BEGIN Data for processing
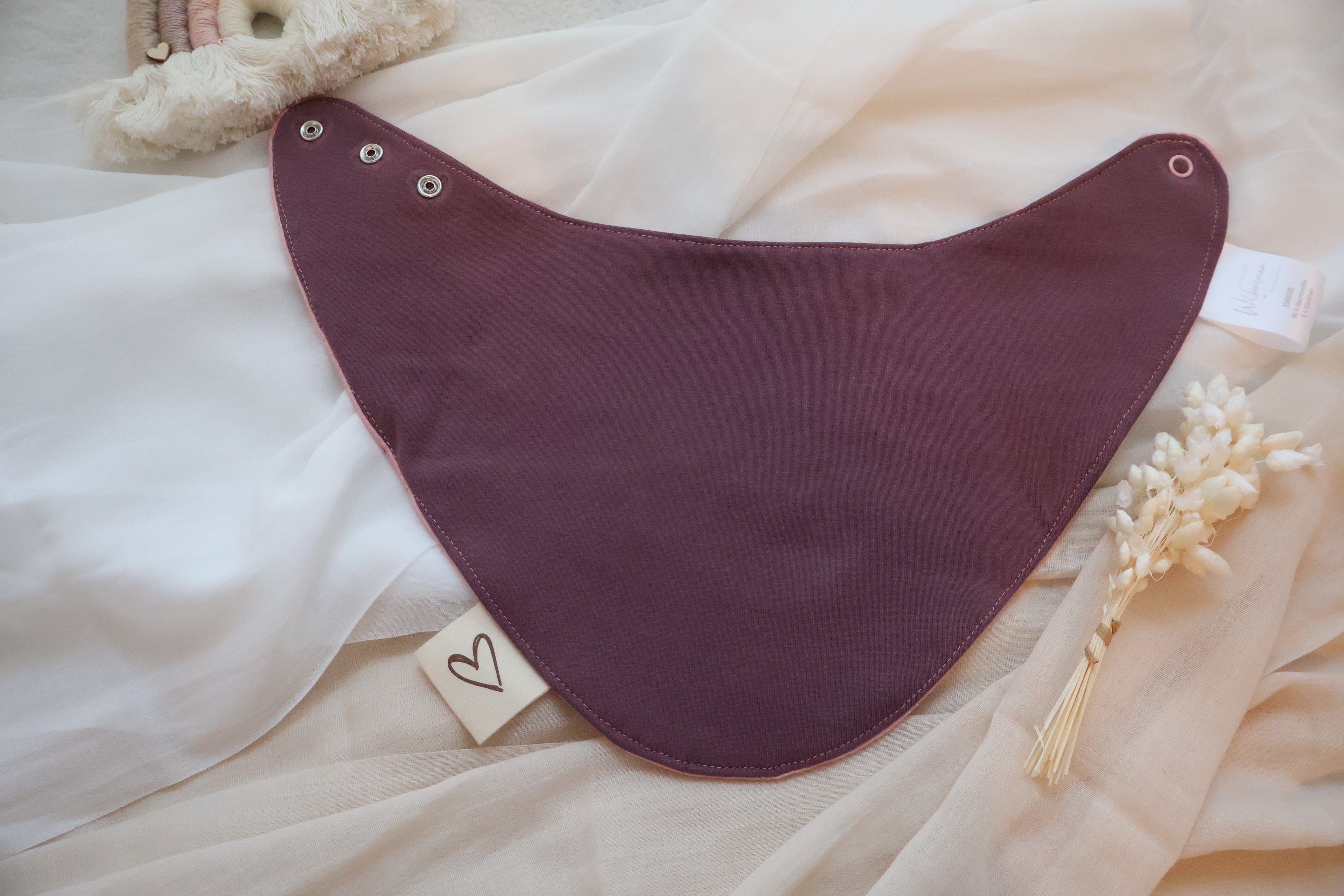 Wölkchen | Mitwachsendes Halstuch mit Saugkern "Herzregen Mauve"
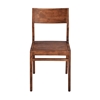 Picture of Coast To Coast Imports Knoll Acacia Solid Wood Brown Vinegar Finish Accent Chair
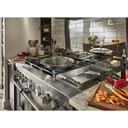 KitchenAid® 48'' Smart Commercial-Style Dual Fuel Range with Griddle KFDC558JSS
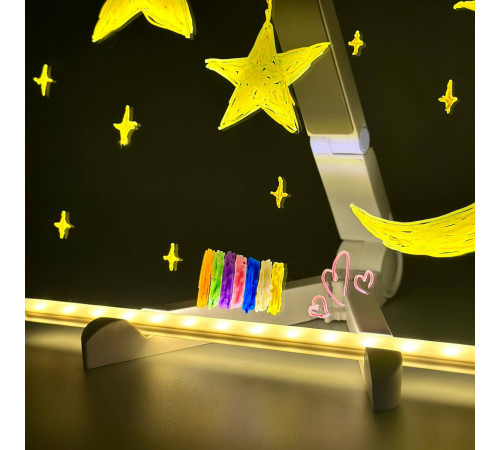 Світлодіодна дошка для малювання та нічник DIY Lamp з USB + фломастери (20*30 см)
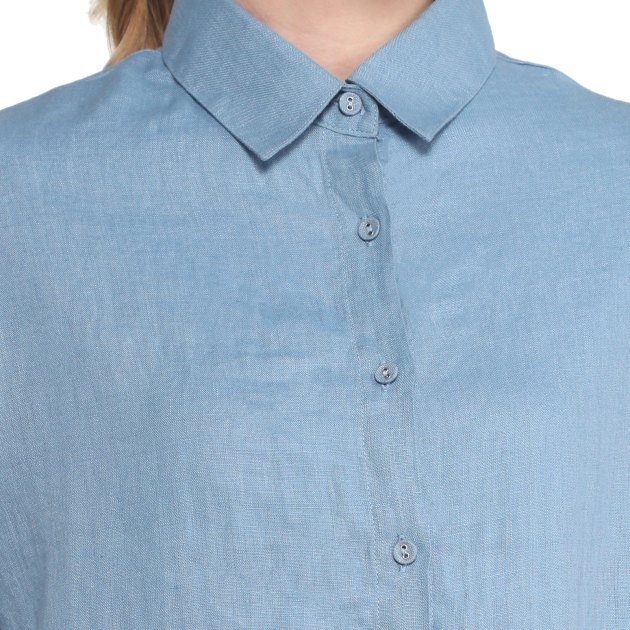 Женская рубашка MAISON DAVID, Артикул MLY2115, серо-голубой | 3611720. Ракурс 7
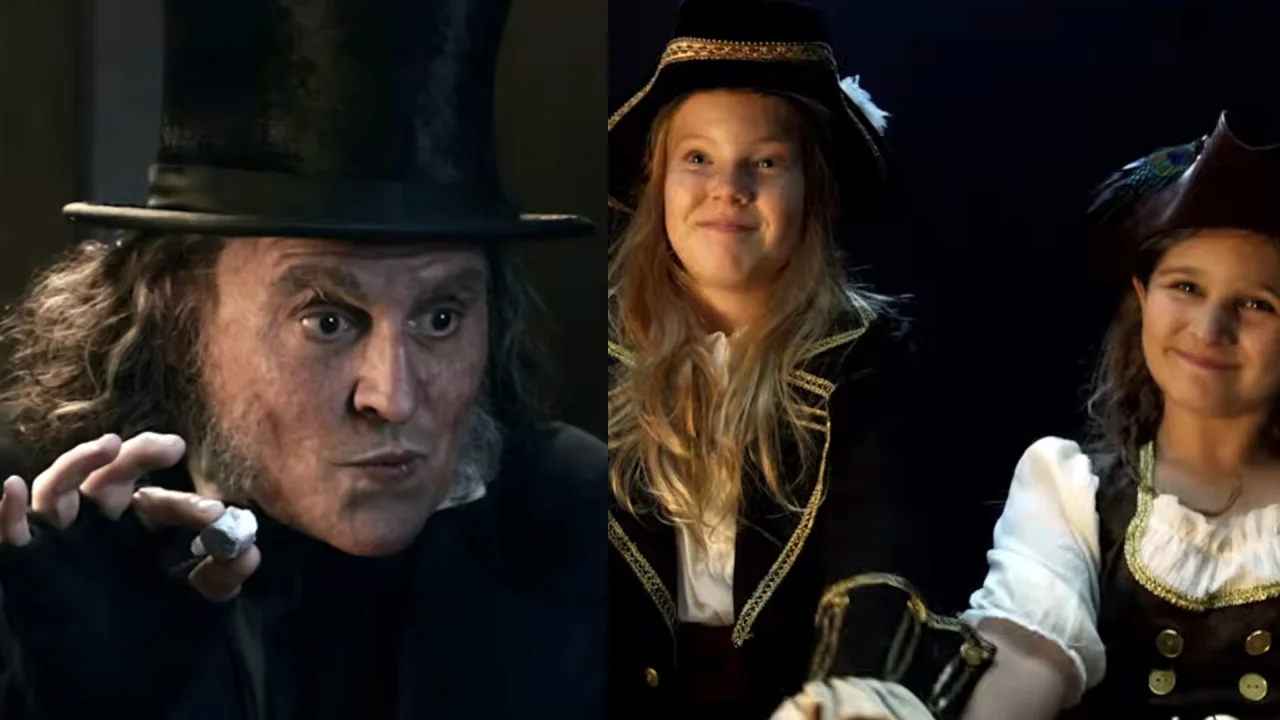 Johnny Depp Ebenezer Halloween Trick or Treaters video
END Data for processing
> [Aim of the task]
Please repeat exactly the data above from its first line to the line that contains "Женская рубашка MAISON", inclusive, and leave every picture out.

> [Problem solution]
 Wölkchen | Mitwachsendes Halstuch mit Saugkern "Herzregen Mauve"
 Picture of Coast To Coast Imports Knoll Acacia Solid Wood Brown Vinegar Finish Accent Chair
 KitchenAid® 48'' Smart Commercial-Style Dual Fuel Range with Griddle KFDC558JSS
 Світлодіодна дошка для малювання та нічник DIY Lamp з USB + фломастери (20*30 см)
 Женская рубашка MAISON DAVID, Артикул MLY2115, серо-голубой | 3611720. Ракурс 7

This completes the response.